Des personnages en quête d'auteur. Une histoire de la charité

Matthieu Rouillé d'Orfeuil
Théologie - Recenseur : Alphonse Borras

L’A. part de la création par la parole en tant qu’elle est reçue dans la Genèse comme une métaphore capable de rendre compte de la relation du créateur à sa créature humaine. Sa réflexion se répartit en trois parties. La 1re partie est intitulée « Dieu et son œuvre » (p. 21-82). Dans ce monde, c’est l’être humain qui est l’instance de la parole prononcée et entendue au cœur de laquelle il est et demeure une question. Son intériorité extrinsèque donne lieu à l’intersubjectivité par sa capacité d’énoncer au-delà de l’observable ce qu’on ne voit pas, voire ce dont on n’a pas l’expérience (la mort, Dieu, etc.). L’être humain constitue le « réel » comme monde – cosmos organisé par un logos – en même temps qu’il y est institué ; le réel lui est donné par ce rapport ternaire entre Dieu, lui-même et la parole.

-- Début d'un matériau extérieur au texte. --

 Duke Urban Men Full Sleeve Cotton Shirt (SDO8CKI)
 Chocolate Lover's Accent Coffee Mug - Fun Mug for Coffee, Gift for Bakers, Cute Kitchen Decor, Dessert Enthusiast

L’être humain est capable de dire ce qui est, ce qui n’est pas, mais aussi ce qu’il ne faut pas – en vertu de son intériorité habitée par une présence et au seuil d’extériorité de cette intériorité : celle-ci est devenue sanctuaire et l’extériorité charité fraternelle. La réalité personnelle de l’humain se comprend en tant qu’y subsiste sa relation d’origine, image de son créateur, qui le constitue par un « mot d’amour » dans une réciprocité avec lui et l’échange des charités humaines (p. 79). Tout être humain est convoqué à cette relation fraternelle charitable pour que tout soit charité (cf. p. 81 ; c’est ainsi que s’éclaire le sous-titre de l’ouvrage).

La 2e partie « l’homme et son œuvre » (p. 83-187) offre une théologie éthique fondamentale – de l’ontologie à la morale et vice versa – où le primat de la charité manifeste l’être. Dans cette perspective, l’A. fonde une doctrine de l’être sur l’agir et relève les caractéristiques d’une éthique de la charité proprement chrétienne en passant en revue quelques vertus chrétiennes.

La 3e partie « Le Christ – Dieu et homme – et son œuvre » (p. 189-298) ouvre un parcours particulièrement revigorant à partir de la christologie pour conduire à la sotériologie dans leur déploiement dans le corps ecclésial du Christ, les baptisés « se réjouissant avec lui de sa joie de les avoir sauvés » (cf. p. 197). Tout part de la parole créatrice de la charité divine – dans son intime altérité – qui nous a créés pour être aimés, pour nous aimer – témoins que nous sommes de ce que le Père aime le Fils.

C’est l’histoire de cette charité qu’est l’être qui se décline au cœur de notre intériorité et dans notre être-au-monde (monde), par une parole venue nous rejoindre par les prophètes (texte), incarnée dans notre nature humaine assumée par la personnalité trinitaire (chair) déployant par le corps ecclésial sa vitalité organique collective (assemblée) et se dotant par l’eucharistie d’une activité sacramentelle rejoignant l’intime, pour la multitude (sacrifice).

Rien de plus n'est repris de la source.